The St. Petersburg State Art and Industry Academy named after A. L. Stieglitz is one of the most famous creative universities in Russia.
The history of the academy as an art school is rooted in the second half of the 19th century, in the era of rapid development of Russian industry, which, striving to make its products competitive in the world market, posed the problem of preparing artists for production.
January 9, 1876 with funds donated by Baron A. L. Stieglitz (1814-1884), the Central School of Technical Drawing was founded. The school was created by analogy with the art-industrial educational institutions of developed countries of Western Europe: England, Austria, Germany, the goal, objectives and principles of instruction, which were largely determined by the reform concept of art-industrial education, by the German architect and art critic G. Zemper. The programs of these educational institutions represented a synthesis of art and technical disciplines and were based on the practical experience of past eras.
Students of TSUTR of Baron A.L. Stieglitz mastered not only the artistic craft, but received a versatile education. The history of the school before the revolution is the intensive formation of the school, when new classes of majolica, woodcut and porcelain were opened, the library and museum were replenished.
In 1917, the Central School of Technical Drawing of Baron A.L. Stieglitz was transformed into the Higher School of Decorative Arts.
After the revolution in October 1918, the Higher School of Decorative Arts was reorganized into the State Free Art Training Studios; in 1920, the State free art training workshops were renamed the State labor training workshops of decorative arts; in 1922, training sessions were discontinued - the State labor training workshops of decorative arts combined with the former Academy of Arts in the Higher Art Technical Workshops (VKHUTEMAS). In the premises at Solyanoy per., 13 located the Faculty of Printing and workshops VKhUTEMASa. The institution lasted until 1925.
On the basis of the order of the People's Commissariat of the Communal Services of the RSFSR dated 02.02.1936, No. 38, the School of Finishing Artists was organized at the Leningrad Institute of Public Utilities Engineers, to which the building of the former Central School of Technical Drawing of Baron A.L.Stieglitz was transferred.
Today SPbGHPA in the name of A. L. Stieglitz is one of the leading schools in the country for the training of highly qualified specialists in the field of design, applied and monumental art, with powerful artistic traditions, the highest professionalism, and European fame.
The pride of the Academy and the world-famous landmark of St. Petersburg is the Museum of Applied Art in Solyaniy Lane.
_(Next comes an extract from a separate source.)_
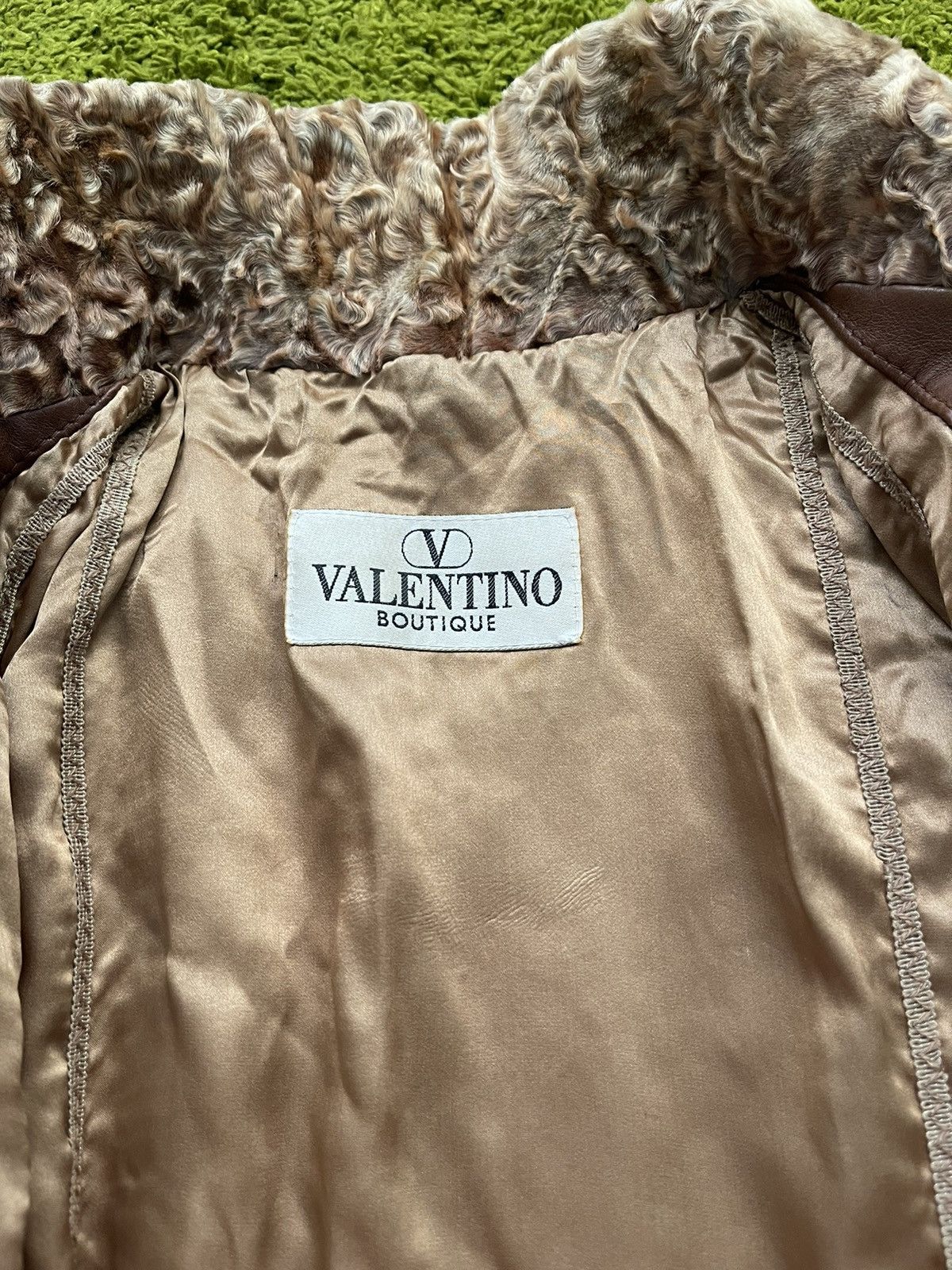 Valentino Valentino Boutique Persian lamb karakul real fur jacket Size S / US 4 / IT 40 - 5 Thumbnail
The history of the Museum began with the opening in St. Petersburg in January 1876 at the expense of the Russian philanthropist A.L. Stieglitz advanced for Russia at the end of the XIX century school of technical drawing. The director of the school and the architect of the museum building, built in 1885-1896, was the famous St. Petersburg architect Maximillian Mesmakher. The museum opened on May 12, 1896 in the presence of Nicholas II and Empress Alexandra Fedorovna.
The museum building is a unique architectural monument of the period of historicism. In its appearance, the features of some famous works of Italian architecture of the 16th century are guessed. Mesmacher not only borrowed individual compositional techniques and decorative elements of famous buildings, but creatively rethought their forms, filling them with new content and creating a generalized image of Italian Renaissance architecture.
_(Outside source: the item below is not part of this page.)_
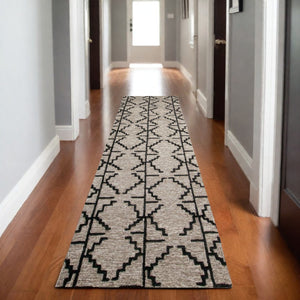HomeRoots 4' Hand-Tufted Wool Geometric Area Rug in Black and Taupe - Soft, Durable, Unique, and Stylish 8' Runner 511836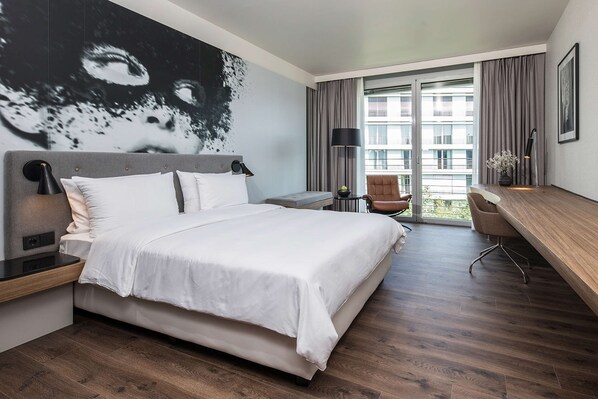 Habitación superior, vistas al jardín | Ropa de cama hipoalergénica, caja fuerte, escritorio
Today, the museum has about thirty thousand objects of applied art from antiquity to the present day. This is an extensive collection of Western European porcelain and oriental ceramics, furniture of the sixteenth and nineteenth centuries, a collection of Russian tiled stoves of the eighteenth century, art metal and fabrics, as well as the best student work over the past half century, reflecting all areas of Soviet decorative and applied art.
The decoration of thirty-two museum halls reflected almost all historical eras and styles. In the fourteen rooms located on the ground floor, you can see more than 1300 works of decorative and applied art and crafts from the 9th century BC. until the beginning of the twentieth century.
An exhibition of Dutch and French cabinets of the 16th-19th centuries has been launched in the Italian gallery; Italian and Spanish majolica, French and English faience, German “steinguts” (products from clay-stone masses) and “jasper masses” by J. Wedgwood, Meissen and Berlin porcelain.